Vive le canot!

Il y a des wasis à l'Auberge, des petites bêtes (8 ans) presqu'aussi bruyantes et remuantes que le chien Platon.

Comme je ne peux pas les découper en morceaux pour les mettre dans le compost (ça donne des odeurs douteuses) j'ai décidé de les amener en canot sur la rivière Wollustouk. Mon véritable espoir étant que les moustiques les emportent pour les manger ailleurs, ou à défaut qu'ils les mangent sur place.

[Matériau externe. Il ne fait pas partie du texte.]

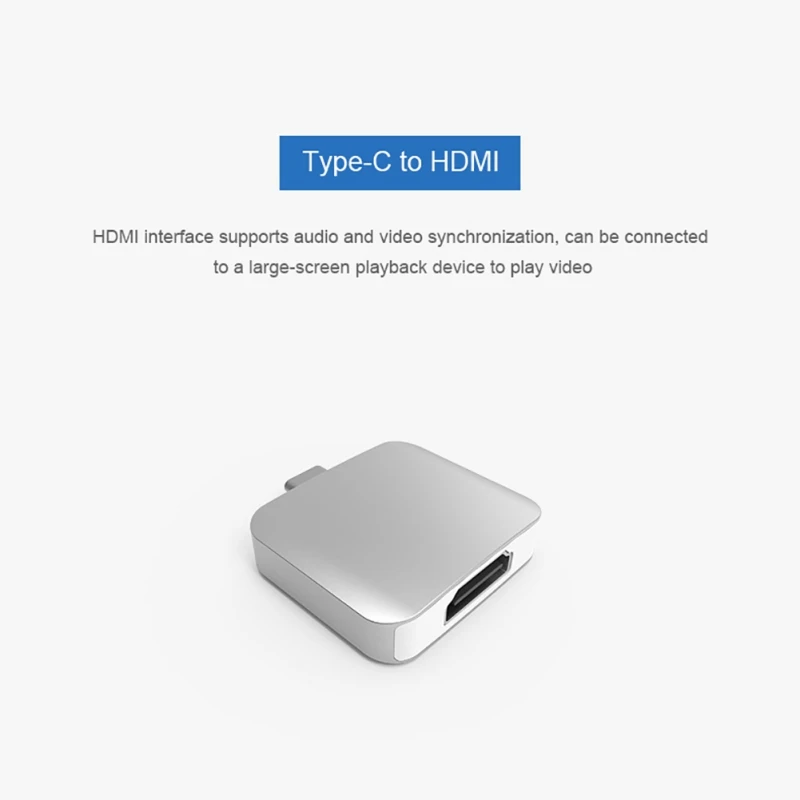 Мини USB C Plug-and-play монитор Широкая совместимость конвертер высокой четкости type-C к адаптеру
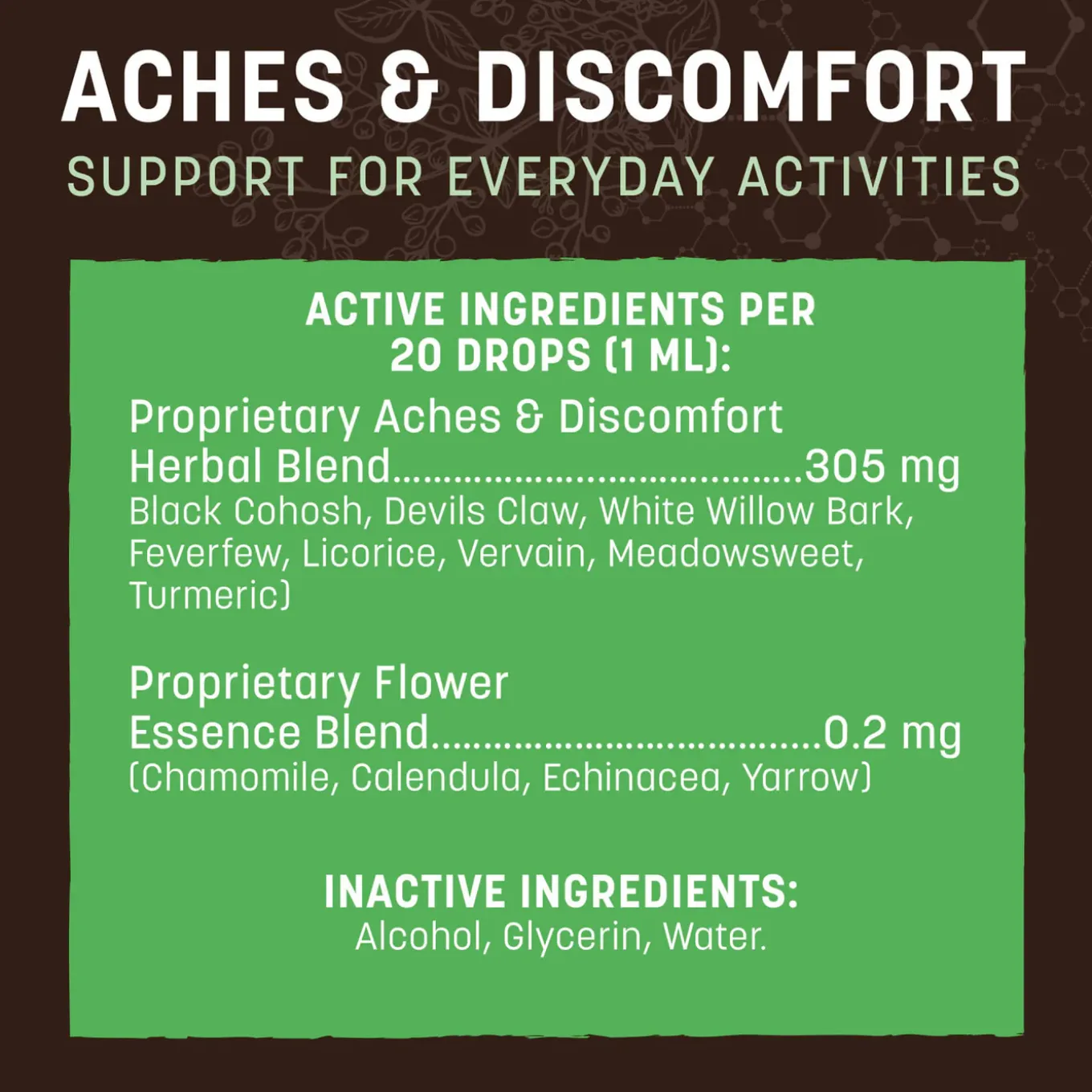 Earth Animal Organic Herbal Remedies Aches & Discomfort Tincture for Dogs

J'ai été déçu! Il a fait un temps magnifique avec juste une petite brise dans le sens de la rivière, si bien que les salles bêtes ( je parle des moustiques) ne pouvaient nous coller après. Un ami nous amène avec un petit camion à 6 ou 7 kilomètres, cela fera une vingtaine de kilomètres à descendre si on compte les très nombreux méandres à la fin du parcourt. La rivière est très haute pour un mois de juillet, il y aura du courant et donc le trajet se fera entre trois et quatre heures, ha oui! ajoutons une grosse demi-heure pour le pique-nique.

La première évidence, c'est qu'il y a une notable différence de poids entre un ours raisonnablement enveloppé et un enfant de 8 ans. Je m'installe logiquement à la pince, et je dois m'avancer un peu parce que l'avant du canot monte comme s'il n'y avait personne. Je me console en constatant que c'est pareil pour l'autre canot. Première surprise, le garçon sait ( un peu) se servir d'un aviron, je n'aurai pas besoin de ramer en J pour tout le trajet.

C'est une section très calme de la rivière, c'est pour cela qu'elle était la route préférée des lourds rabaskas, les grands canots de transport de marchandises, trois ou quatre tonnes de charge pour 4 ou 5 avironneurs, ça prend des bras solides ou bien on cordelle dans les sections rapides.

Il y a bien un petit bouillon juste après la Lindaine à Pic, mais juste de quoi donner des palpitations aux enfants. La Lindaine à Pic, lieu rêvé de mon enfance, espoir de contrées sauvages, c'était la porte de la grande aventure dans ma tête de 5 ou 6 ans. Il a fallu que j'attende dix ans, pour savoir que c'était la « Landing zone », l'endroit où, durant le temps de la drave, on jetait les billes de bois dans la rivière pour qu'elle flotte, jusqu'au lac et à l'usine. Et « A pic » parce que le dénivelé est important, comme quoi, les plus grands mystères, on se les invente.

Tiens! Voilà justement le ciré, il faut se méfier. Je crie à l'autre canot de se tenir du côté escarpé de la rivière, là où il y a beaucoup d'eau, ça passe mieux. Cela brise l'attention du pilote et le voilà qui vire en travers de la rivière en glissant du mauvais coté vers l'oreille de charrue! Je lui crie « droite » et si au moins il ne va pas à droite, il prendra soin de mettre son canot droit, parce qu'attaquer un rapide de travers, c'est la baignade assurée. Le pique-nique est dans son canot, alors vous comprenez mon intérêt...

Je vois le canot se soulever et c'est parti pour un tour de manège, juste en bas il y a une toupie un petit ciré et puis un seuil, la petite chute ( 50 centimètres tout au plus) et le remou, après ça va. De mon coté, c'est une gentille glissade sans réelles difficultés. Son canot a passé! Il y a un dieu pour les imprudents. Nous arrêtons sur une pointe de sable, pour vider les 15 centimètres d'eau dans le canot, et là où je pense trouver un enfant paniqué, je vois la petite bête bien mouillée, mais hilare, excité et demandant de recommencer. Comme quoi, il est inutile de s'inquiéter pour la prochaine génération.

Le reste de l'excursion est sans histoire, si ce n'est que pour le catalogue des espèces de canards nichant dans l'est de l'Amérique, je pense qu'ils étaient tous là, de voir à chaque méandre une pauvre cane l'aile brisée nous faire son grand numéro et de comprendre la différence entre une sarcelle et un chipeau, un orme et un platane, entre un rat musqué et un vison. Les choses vraiment essentielles quoi!